» Your task
From the first line to the last, give the material again exactly, without the images.

» Data
------------------------

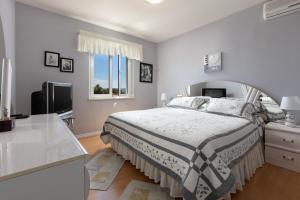 a white bedroom with a bed and a television at Apartments by the sea Sumartin, Brac - 2940 in Sumartin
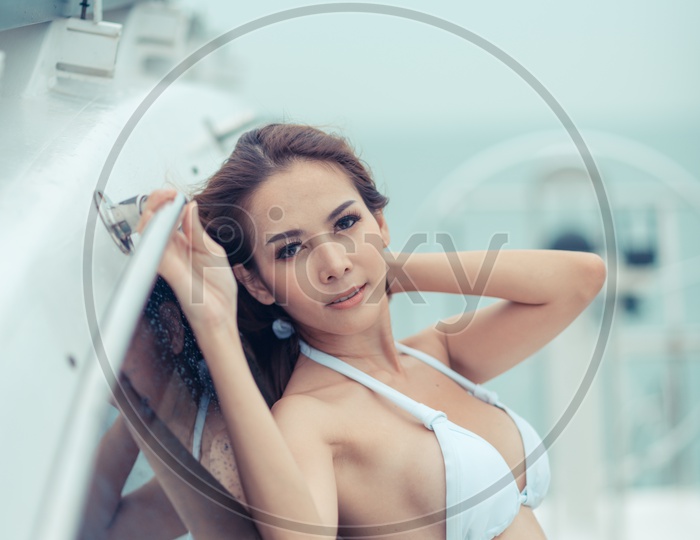 An outdoor shoot of Asian girl with dark hair in luxurious bikini relaxing on yacht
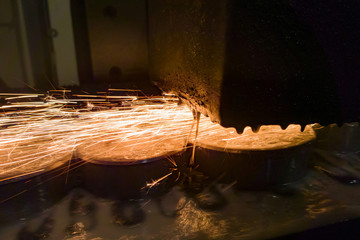 Grinding a metal surface on a surface grinding machine with a water-cooled abrasive stone.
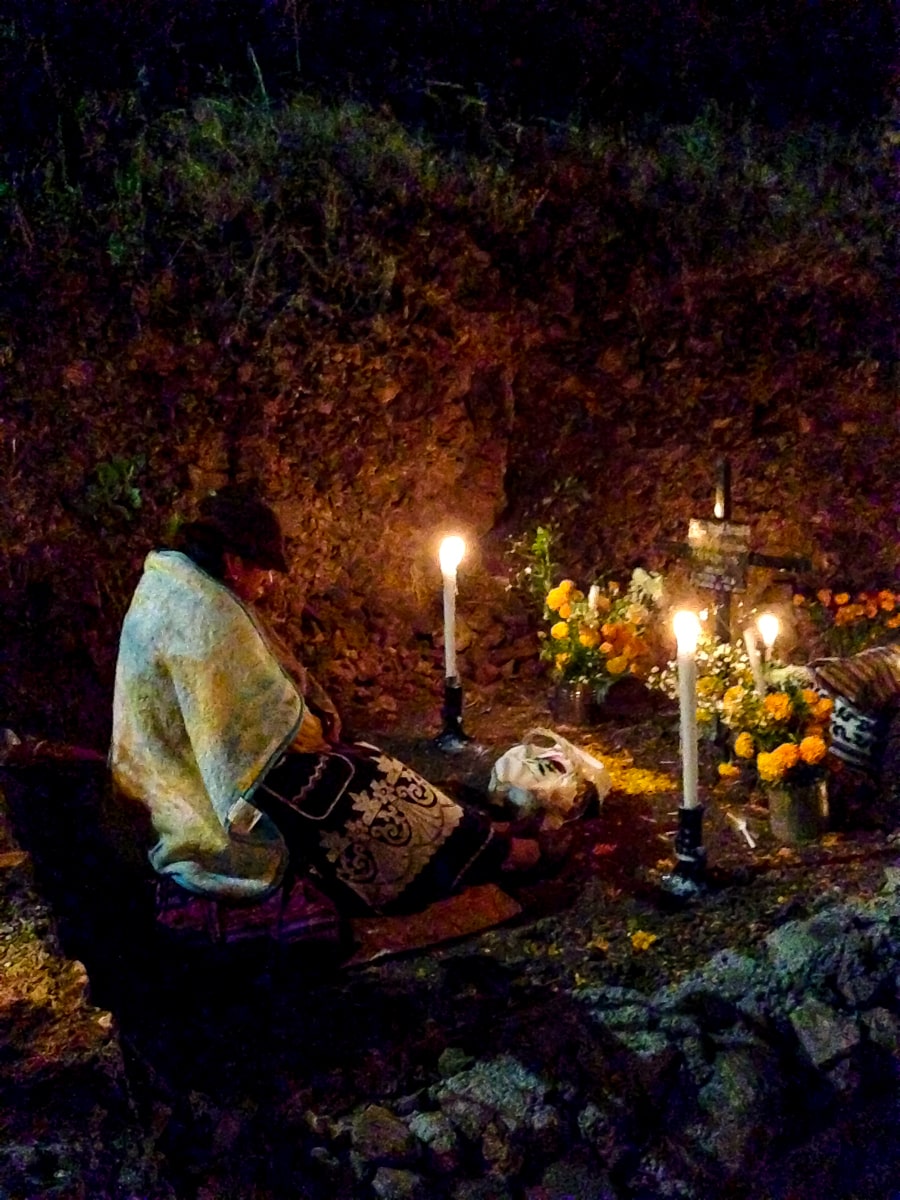 A lady kneels over a grave at The Day of The Dead ceremony on Janitzio Island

------------------------

» Result for this exercise
 a white bedroom with a bed and a television at Apartments by the sea Sumartin, Brac - 2940 in Sumartin
 An outdoor shoot of Asian girl with dark hair in luxurious bikini relaxing on yacht
 Grinding a metal surface on a surface grinding machine with a water-cooled abrasive stone.
 A lady kneels over a grave at The Day of The Dead ceremony on Janitzio Island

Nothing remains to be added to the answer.